I found I did not rush through the towns to get them over with. I even found things I had to buy to make myself linger. In Billings I bought a hat, in Livingston a jacket, in Butte a rifle I didn’t particularly need, a Remington bolt-action .22, secondhand but in beautiful condition. Then I found a telescope sight I had to have, and waited while it was mounted on the rifle, and in the process got to know everyone in the shop and any customers who entered. With the gun in a vise and the bolt out, we zeroed the new sight on a chimney three blocks away, and later when I got to shooting the little gun I found no reason to change it. I spent a good part of a morning at this, mostly because I wanted to stay. But I see that, as usual, love is inarticulate. Montana has a spell on me. It is grandeur and warmth. If Montana had a seacoast, or if I could live away from the sea, I would instantly move there and petition for admission. Of all the states it is my favorite and my love.

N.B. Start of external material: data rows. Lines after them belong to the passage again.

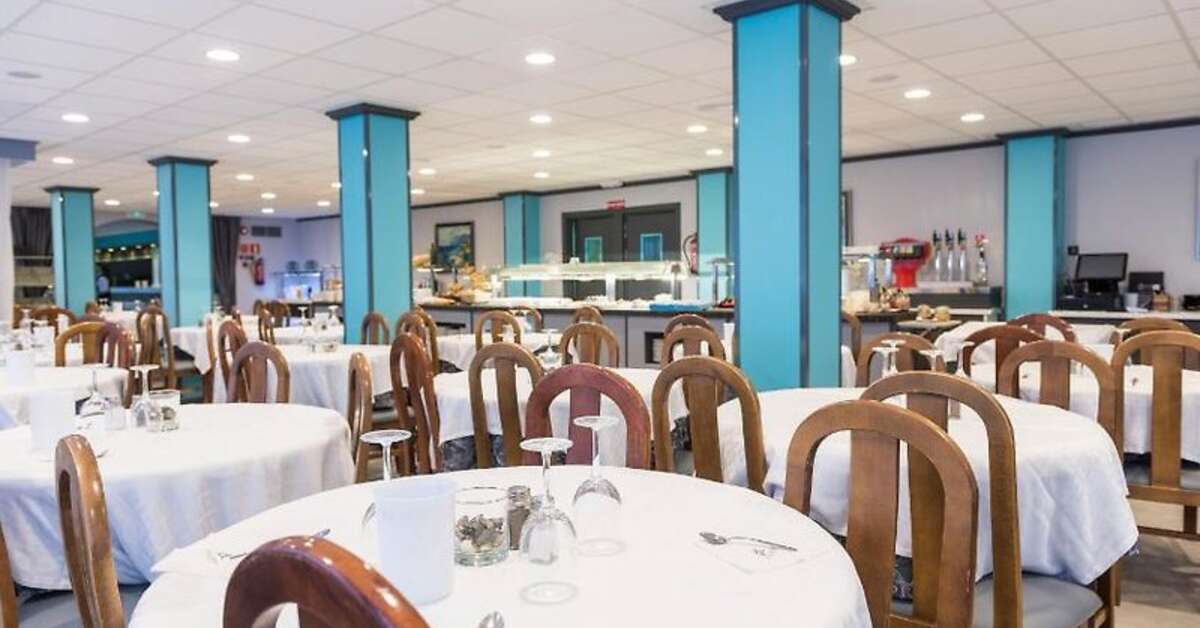 Een foto van Hotel Boreal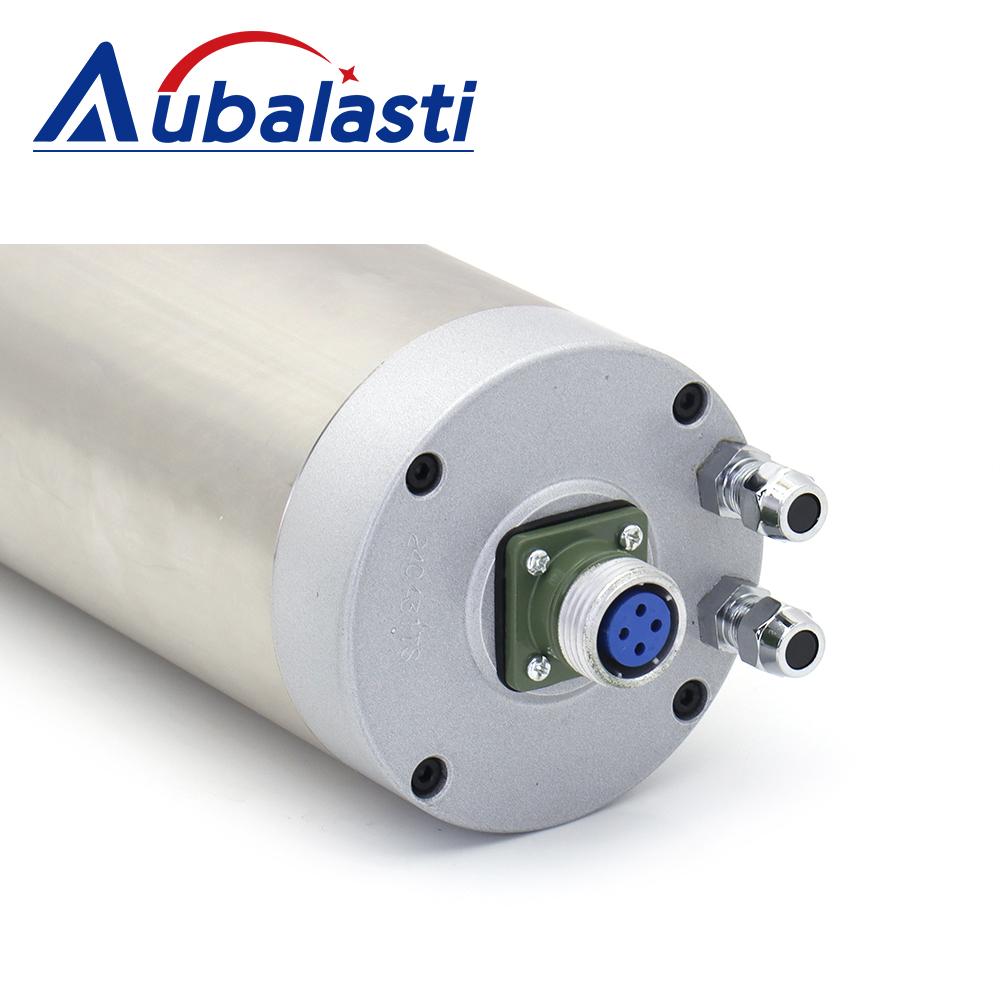 Aubalasti Wodno-chłodzony siln – Water Cooled Spindle recenzja i cena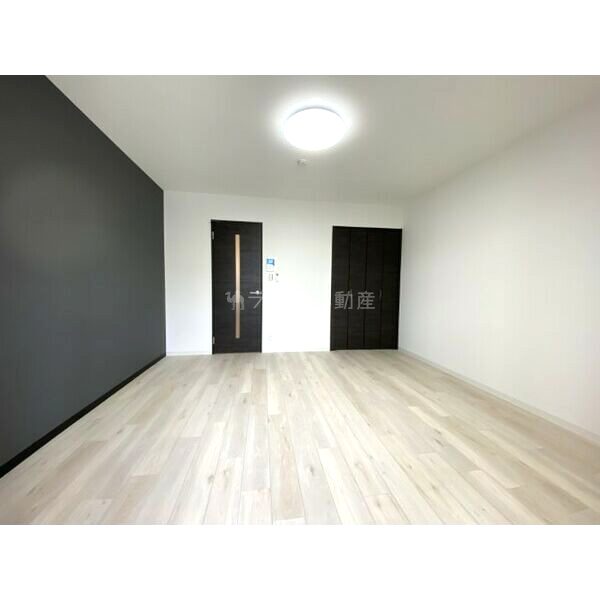 エステイトE桂川A棟の室内写真10枚目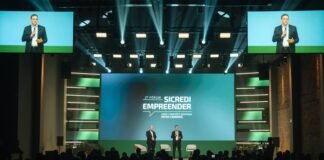 2º Fórum Sicredi Empreender debate transformação do empreendedorismo brasileiro e os desafios para o futuro dos negócios
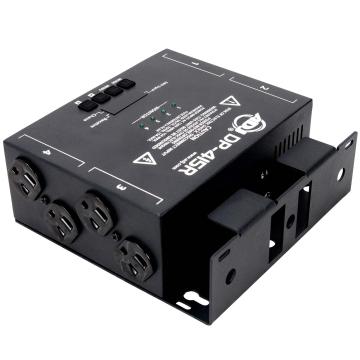 ADJ DP-415R Portable 4-channel DMX Dimmer / Switch Pack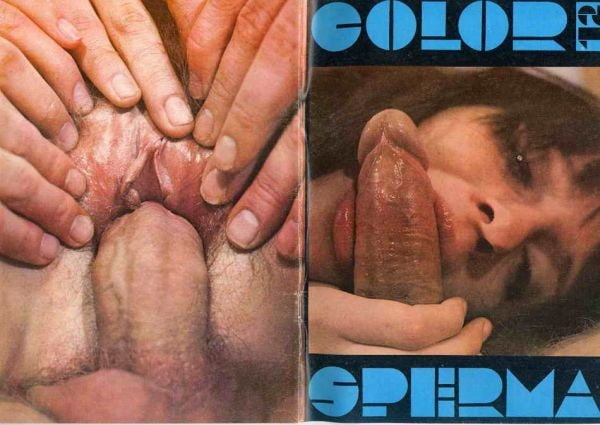 Portadas de revistas, dvd, video y 8mm parte 11
 #105093321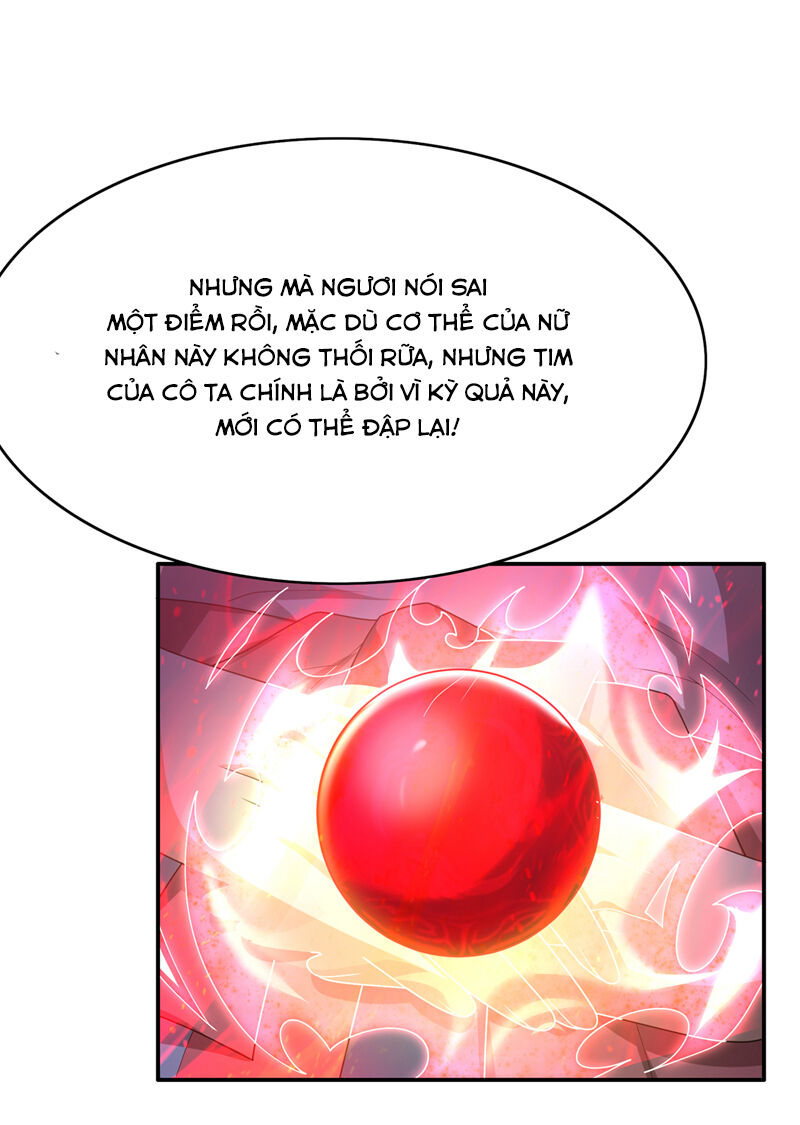 Võ Nghịch Chapter 473 - 14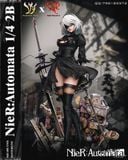  2B - Nier Automata - Imagination Studio x Red Peach A 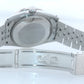 MINT Rolex DateJust 68274 31mm MOP Diamond Dial & Bezel Midsize Ladies Watch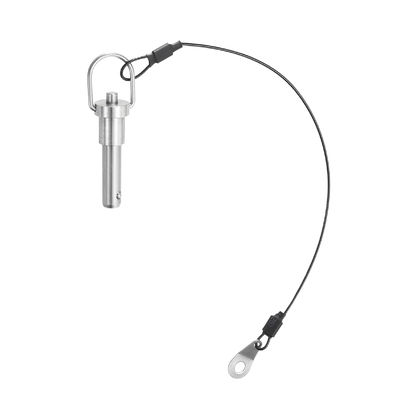 Ein guter Preis. Edelstahl-Schnellabbrecher für industrielle Anwendungen Online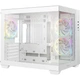 Корпус Deepcool CG330 3F, White (R-CG330-WHNGM3-G) - изображение 2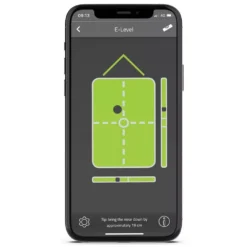 E-Trailer Starterpaket Basic Basisstation Mit E-Level, E-Volt Und App -Camping Rabatt Geschäft e level modul app anzeige fahrzeug nivellierung e trailer starterpaket 1000 3 28232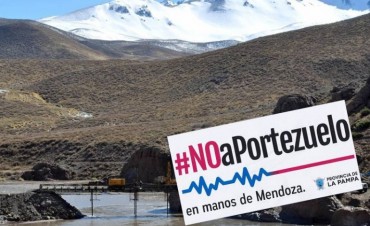 Macri se excusaría de laudar sobre Portezuelo
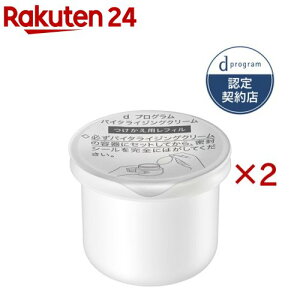 d�v���O���� �o�C�^���C�W���O�N���[�� ���t�B��(45g×2�Z�b�g)�yd �v���O����(d program)�z
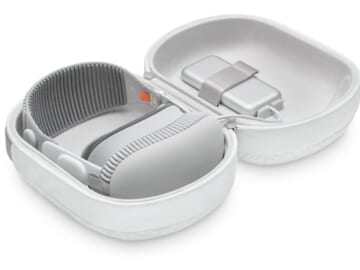 Apple Vision Pro Travel Case: Pre-orders for $199 + free shipping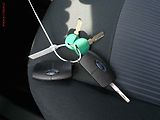 Ford Fiesta (2010) 1.25i, ČR, Trend, AC - náhled 15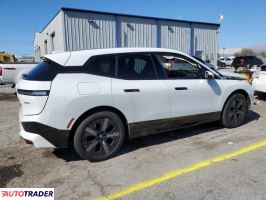 BMW Pozostałe 2025 BMW Pozostałe 2025
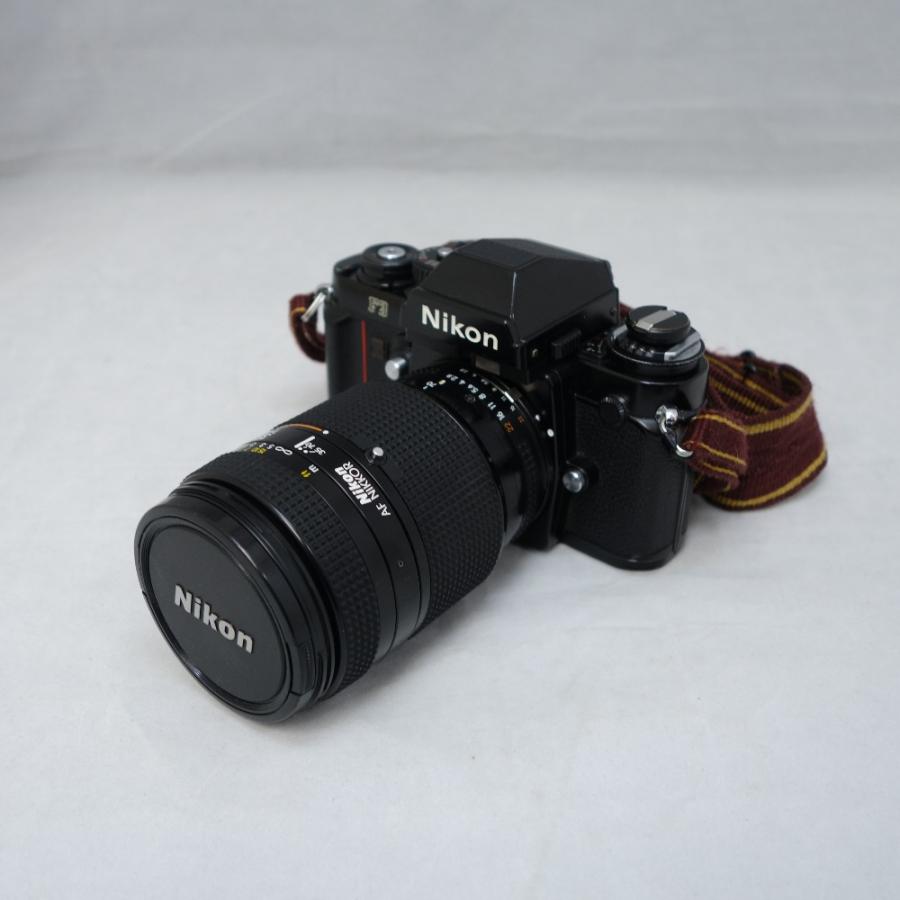 Nikon アナログカメラ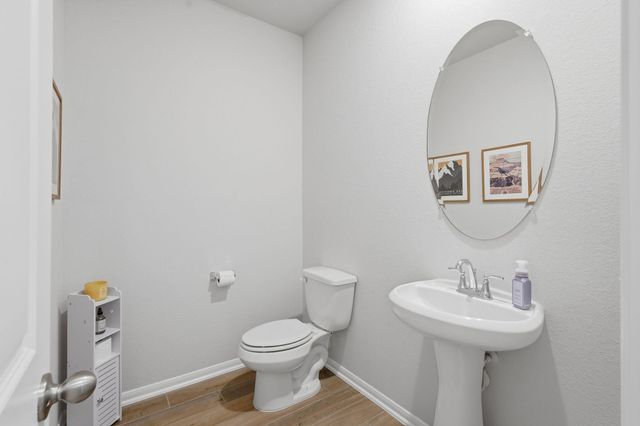 20046 Parkland Gates Drive, Montgomery, TX 77316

At Custer we made a side trip south to pay our respects to General Custer and Sitting Bull on the battlefield of Little Big Horn. I don’t suppose there is an American who doesn’t carry Remington’s painting of the last defense of the center column of the 7th Cavalry in his head. I removed my hat in memory of brave men, and Charley saluted in his own manner but I thought with great respect.
The whole of eastern Montana and the western Dakotas is memory-marked as Injun country, and the memories are not very old either. Some years ago my neighbor was Charles Erskine Scott Wood, who wrote Heavenly Discourse. He was a very old man when I knew him, but as a young lieutenant just out of military academy he had been assigned to General Miles and he served in the Chief Joseph campaign. His memory of it was very clear and very sad. He said it was one of the most gallant retreats in all history. Chief Joseph and the Nez Percés with squaws and children, dogs, and all their possessions, retreated under heavy fire for over a thousand miles, trying to escape to Canada. Wood said they fought every step of the way against odds until finally they were surrounded by the cavalry under General Miles and the large part of them wiped out. It was the saddest duty he had ever performed, Wood said, and he had never lost his respect for the fighting qualities of the Nez Percés. “If they hadn’t had their families with them we could never have caught them,” he said. “And if we had been evenly matched in men and weapons, we couldn’t have beaten them. They were men,” he said, “Real men.”